Therese Shaheen writes at National Review Online about fundamental contradictions baked into the brand of communism employed in the People’s Republic of China.
The forced encampment by the Chinese Communist Party of nearly 2 million members of minority groups in China’s western Xinjiang province is perhaps the largest coerced collectivization of humanity since the Soviet Union disbanded its Gulag prison system. Torture, forced sterilization, and forced labor are the hallmarks. The world has taken notice: Global companies and foreign leaders are raising concerns, and there is a burgeoning movement to boycott next year’s Winter Olympics in Beijing.
But while the world recognizes the undeniable scale of this tragedy, it is not paying much attention to another method of 20th-century totalitarian domination that the CCP is emulating. The People’s Republic of China (PRC) has institutionalized discrimination by an elite, relatively wealthy minority against the rest of the population on a scale and with a degree of deliberation unseen since the apartheid-era in South Africa.
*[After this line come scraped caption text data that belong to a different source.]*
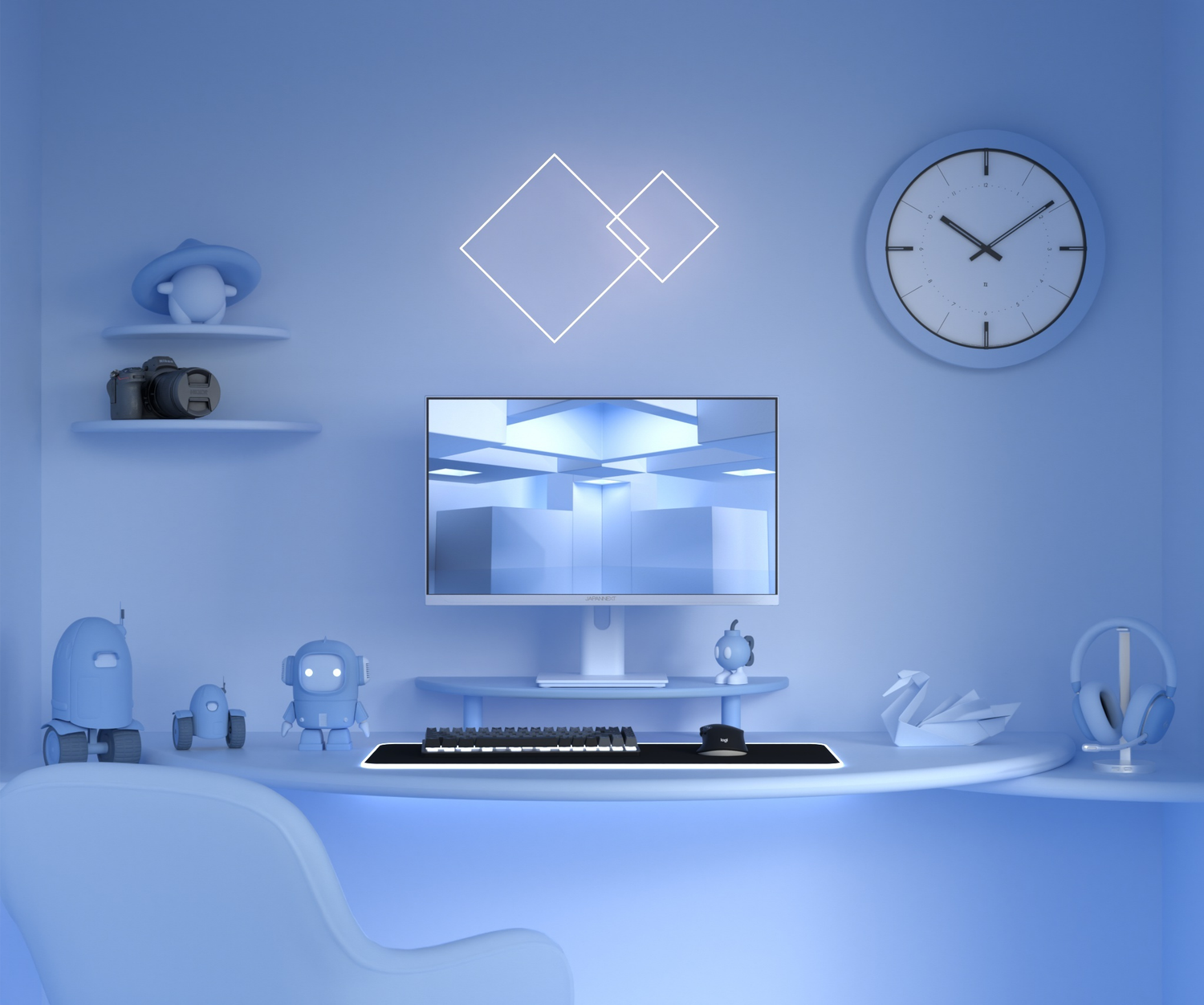 Gaming/deskwork monitor | 23.8&quot; | IPS | FHD | 120Hz | Pastel Blue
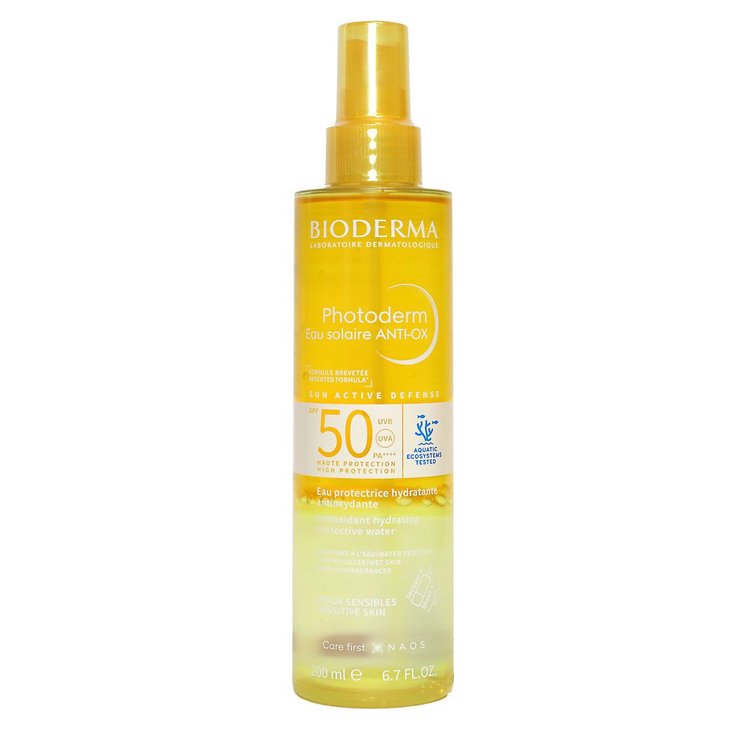 Photoderm eau solaire SPF50 anti-OX peau sensible 200ml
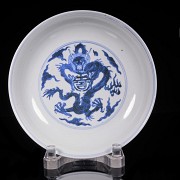 Porcelain dish “Dragon and phoenix”, Qing dynasty, with Yongzheng seal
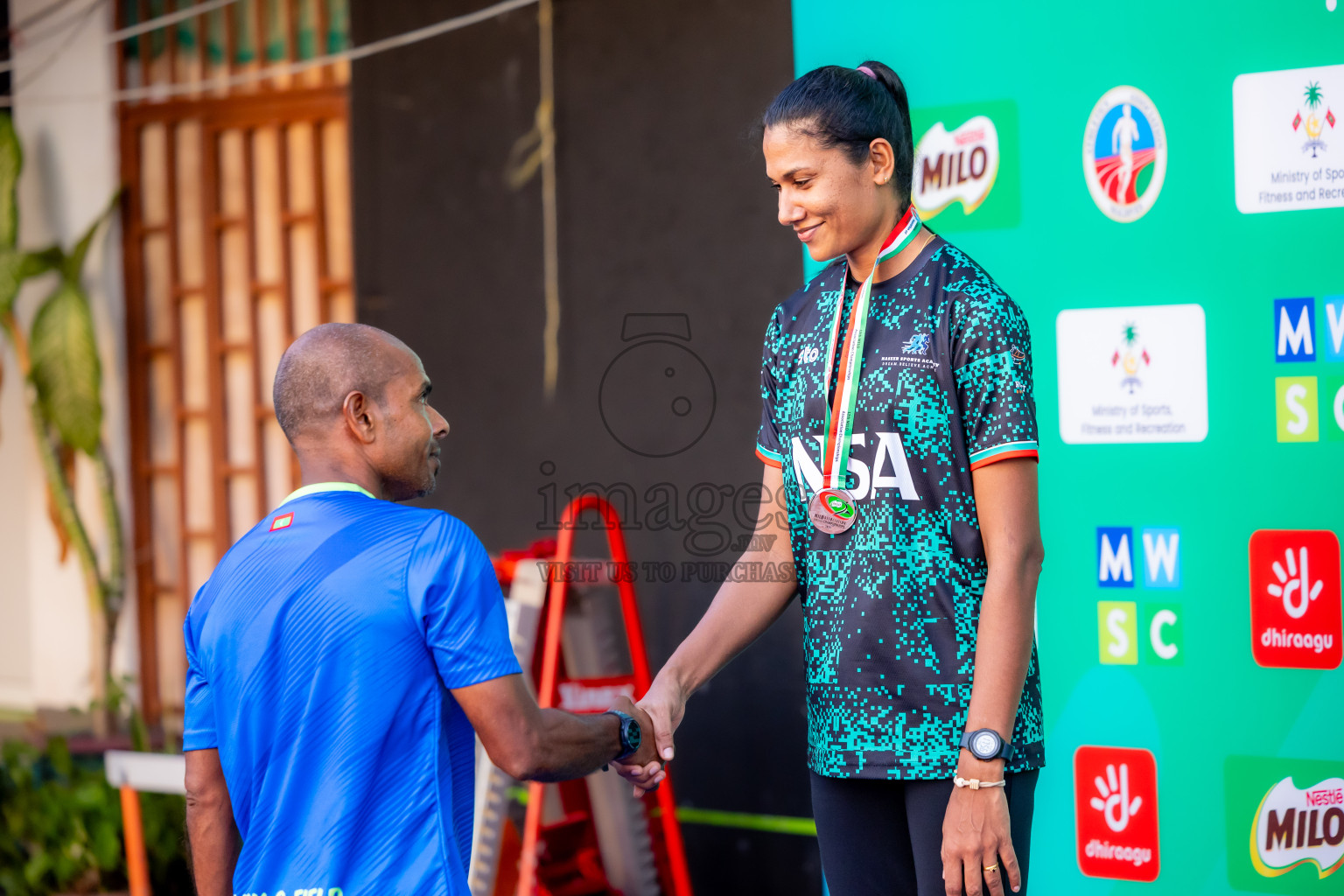 Day 1 of 12th Milo Association Championships was held in Ekuveni Track at Male', Maldives on Thursday, 24th April 2025. Photos: Nausham Waheed / images.mv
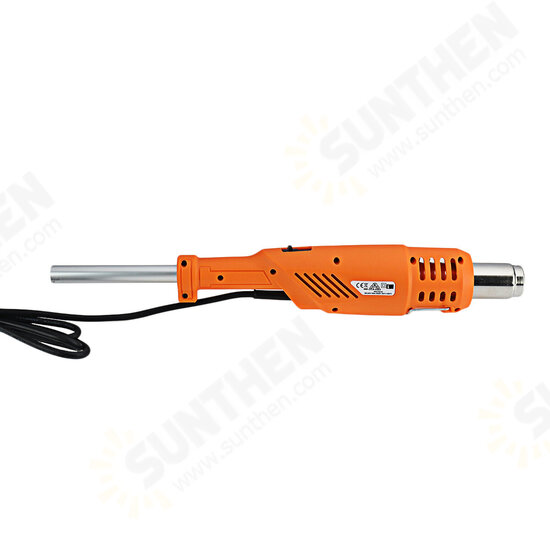 120V/230V 2000W Electric Weed Burner Killer Stick Hot Air Guns 2 Nozzles Lawn Garden Tool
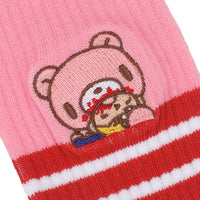 Gloomy Bear Peek-a-boo Embroidered Crew Socks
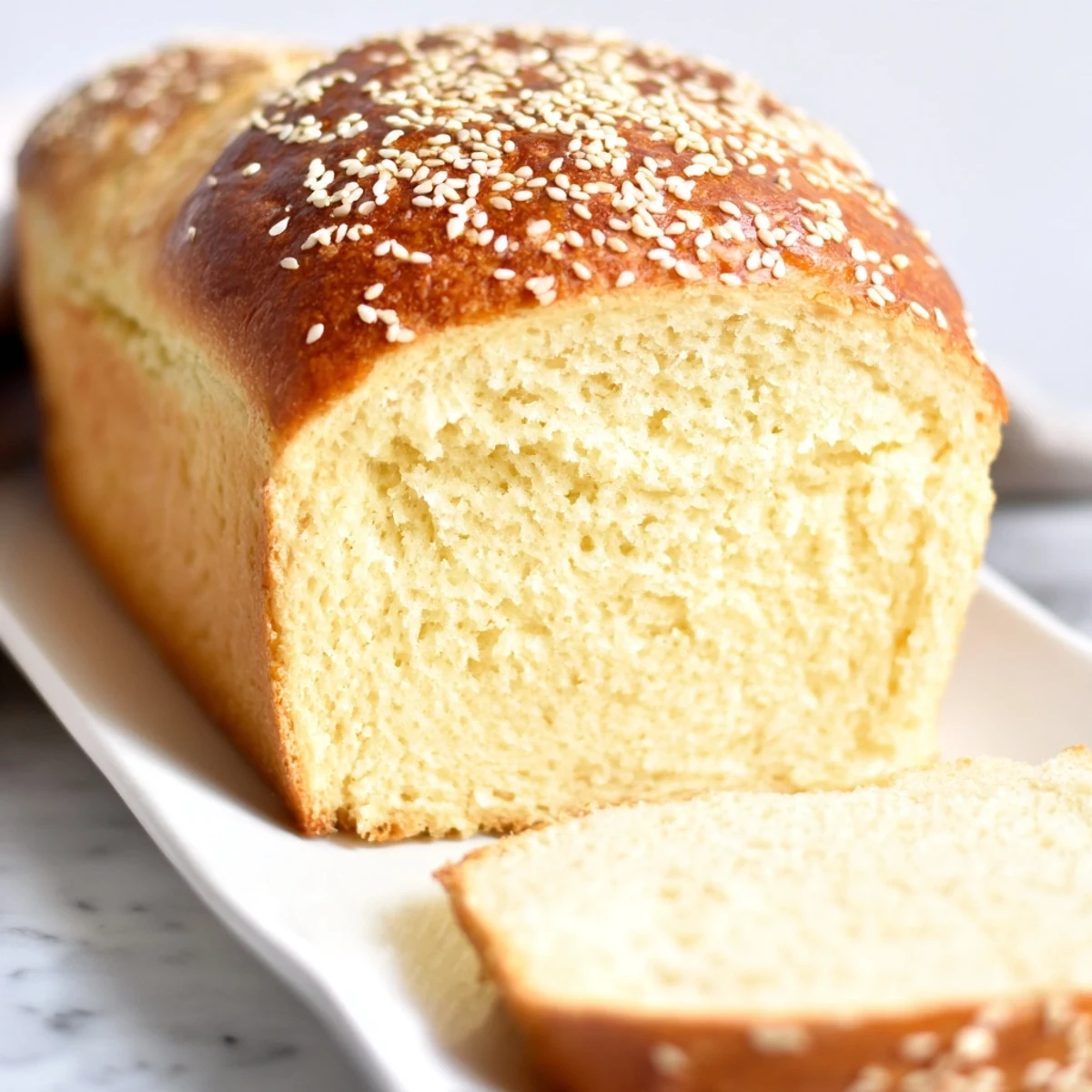 Freshly baked zero carb yogurt bread with golden crust cooling on wire rack ready for slicing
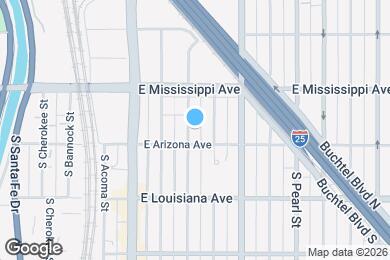 Map image of the property - 1166 S Sherman St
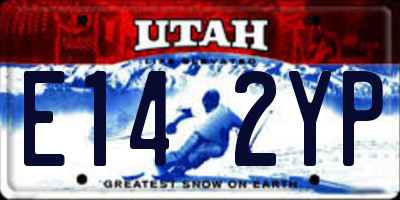 UT license plate E142YP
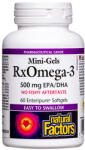 Natural Factors Rx Omega-3 500mg. / 60 Soft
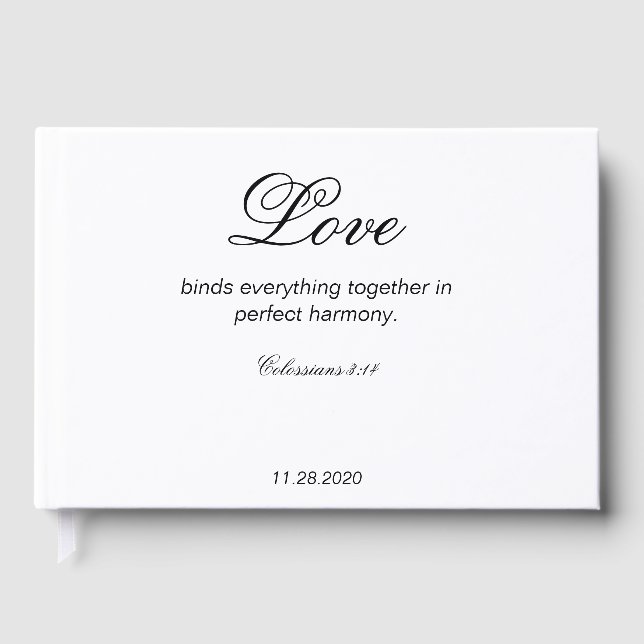 Colossians Wedding Guest Book Gästebuch (Vorderseite)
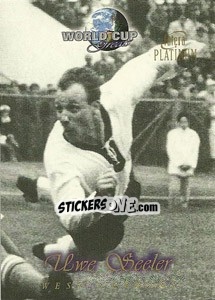 Sticker Uwe Seeler - World Cup Greats Platinum 1998 - Futera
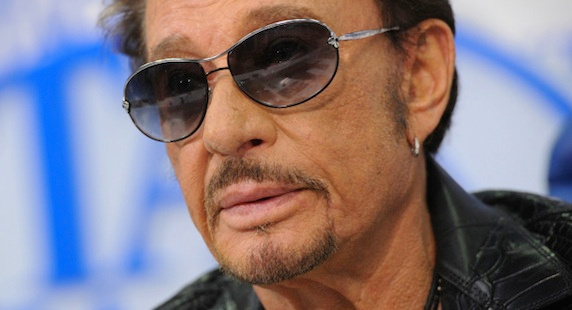 Johnny Hallyday s'est fait voler sa guitare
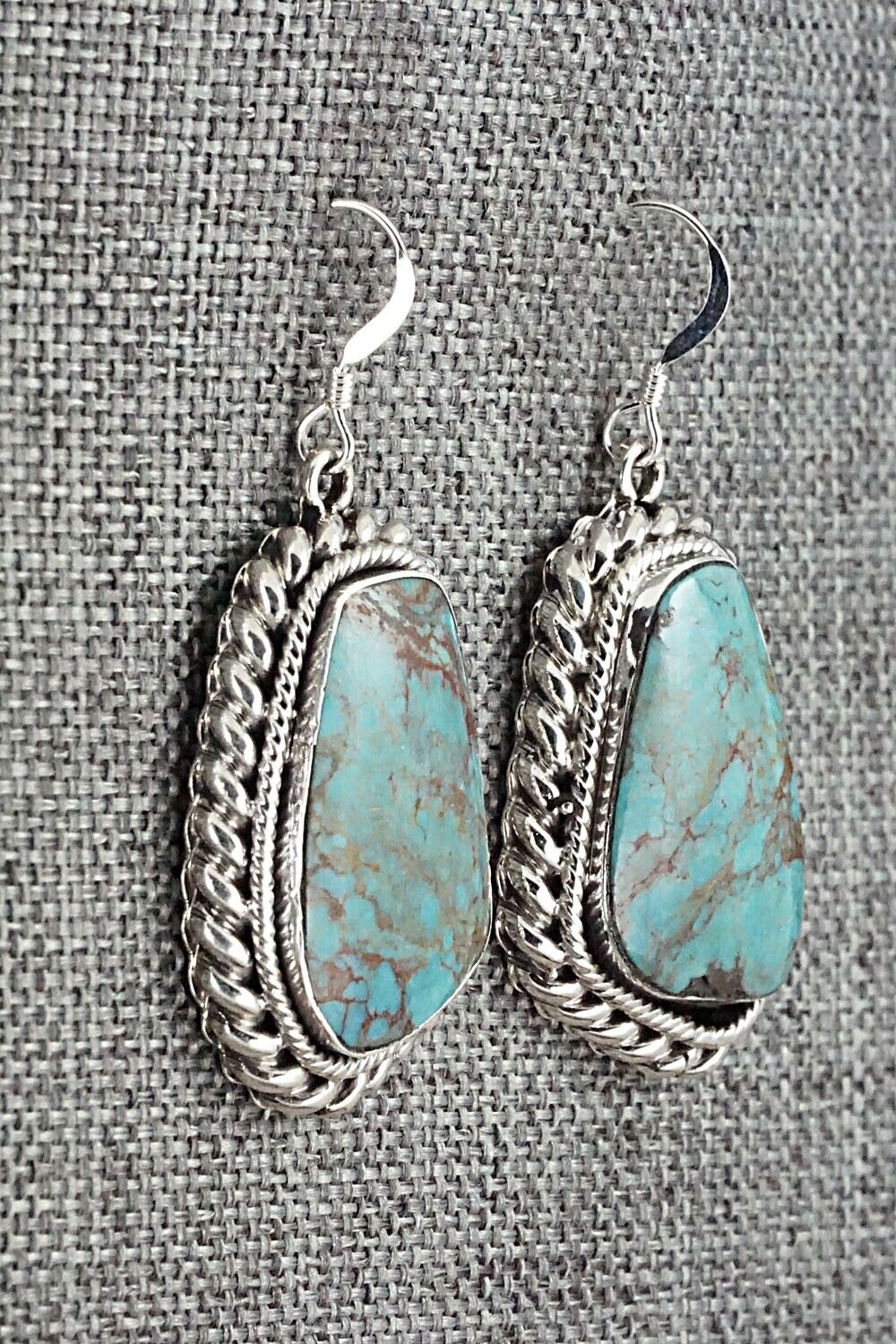 Turquoise and Sterling Silver Earrings - Sharon McCarthy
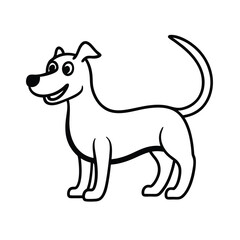 vector illustration of a dog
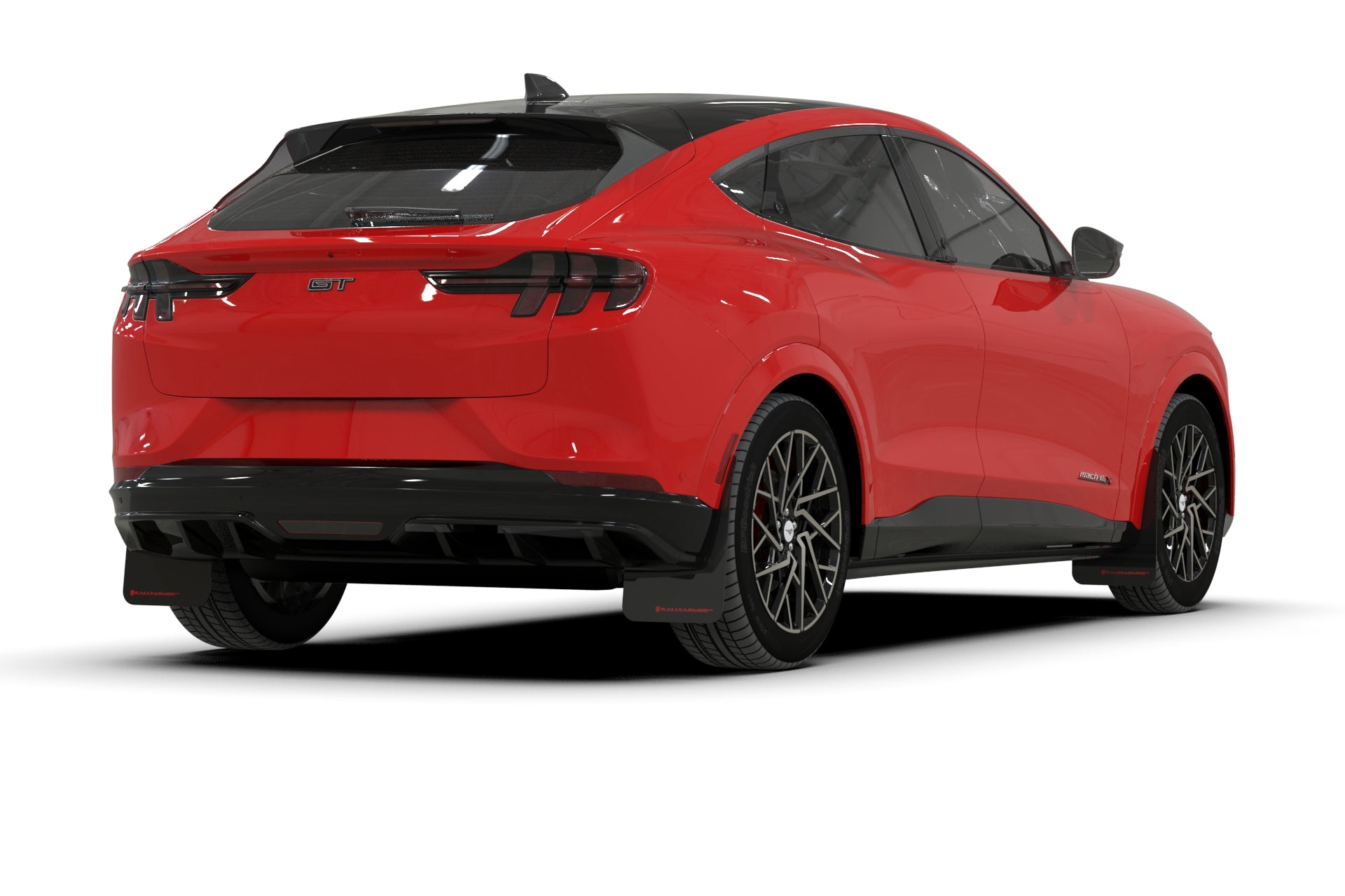 RALLY ARMOR UR MUD FLAPS: 2021+ FORD MUSTANG MACH-E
China’s apartheid system is based on the longstanding practice of hukou, a ruthless permanent caste system maintained with vigor by the party. Hukou has in common with South African apartheid decades of social and economic domination by an entrenched minority — in this case, the urban political and economic class of the Chinese Communist Party — over the majority population. South African apartheid allowed generations of white Afrikaner leaders in government and business to maintain both economic and social control over the majority (black) population. Similarly, in China, the CCP depends on hukou to control the 900 million rural poor while relying on their cheap labor to keep so-called first-tier cities afloat. The urban elite and middle class in Beijing, Shanghai, and other tier-one cities accept the system without reservation or even much recognition, much as their South African counterparts did.